A surgical blacklisting approach targeting individuals and companies could be grounded on the new EU Global Human Rights Sanctions Regime adopted in December 2020.
The EU is putting in place a robust framework for its climate and digital revolution. Yet, for this to happen, the EU needs to secure its supply of raw materials, for which we are highly dependent on the rest of the World. The EU identifies 30 raw materials as strategic, but 7 of them are indicated as child labour-tainted in the U.S. List of Goods Produced by Child Labor or Forced Labor (Cobalt, Coking Coal, Fluorspar, Natural Rubber, Tantalum, Tungsten, and Natural Graphite). The recent EU action plan for critical raw materials evokes that “high supply concentration in countries with low standards of governance not only poses a security of supply risk, but may also exacerbate environmental and social problems, such as child labour.” Therefore, to be coherent, it is also urgent that our trade relations with countries richly endowed with such resources duly tackle this risk, for instance by designing provisions in agreements in liaison with the ILO and local civil society organisations.
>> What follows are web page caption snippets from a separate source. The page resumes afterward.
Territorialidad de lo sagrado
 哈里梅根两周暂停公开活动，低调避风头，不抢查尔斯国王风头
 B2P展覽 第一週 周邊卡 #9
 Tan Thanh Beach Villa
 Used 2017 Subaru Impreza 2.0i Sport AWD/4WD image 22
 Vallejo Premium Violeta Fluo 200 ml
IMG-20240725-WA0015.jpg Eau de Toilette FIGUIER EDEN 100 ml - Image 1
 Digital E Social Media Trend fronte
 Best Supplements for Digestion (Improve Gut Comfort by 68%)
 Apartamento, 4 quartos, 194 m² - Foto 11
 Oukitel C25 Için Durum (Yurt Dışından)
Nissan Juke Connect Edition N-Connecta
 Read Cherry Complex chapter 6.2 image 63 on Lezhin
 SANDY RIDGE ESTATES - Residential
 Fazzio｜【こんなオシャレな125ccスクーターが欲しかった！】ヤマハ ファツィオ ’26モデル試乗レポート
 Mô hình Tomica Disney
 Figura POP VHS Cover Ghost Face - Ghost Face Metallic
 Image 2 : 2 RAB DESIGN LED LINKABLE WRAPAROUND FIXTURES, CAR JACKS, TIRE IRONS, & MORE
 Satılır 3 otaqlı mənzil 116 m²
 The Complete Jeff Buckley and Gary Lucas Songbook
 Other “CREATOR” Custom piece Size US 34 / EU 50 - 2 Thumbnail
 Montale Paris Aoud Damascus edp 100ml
Objective 8.7 could be pursued through a plurilateral, innovative and trade-based initiative backed by the EU and the members of the U.S.-Mexico-Canada Agreement (USMCA) in the first place, since they represent about 45% of all import of goods and services and host many multinational decision centres topping global value chains. The next stage could be to gather the support of like-minded countries like Australia and New Zealand and possibly Japan and South Korea. These four countries are close to the Eastern and South-Eastern Asian region where child labour is the most prominent and members of the recent Regional Comprehensive Economic Partnership, along with problematic countries.

Technology transfer fostering mechanisation in some sectors could decrease the demand for child labour in some countries. This is where investment agreements come in that promote such FDI. I note also that the authors “recommend lifting protection for Foreign Direct Investment (FDI) into sectors steeped with child labour through the reform of Investment Protection Agreements (IPAs).”
I am very grateful to the dream team of Development International e.V., their network of committed researchers for this landmark study, and for their inclusive work that benefitted from comments of leading experts from the ILO, UNICEF and NGOs.
I sincerely hope that this very valuable report and the recommendations will contribute to making Europe the first “fair and ethical trade” continent.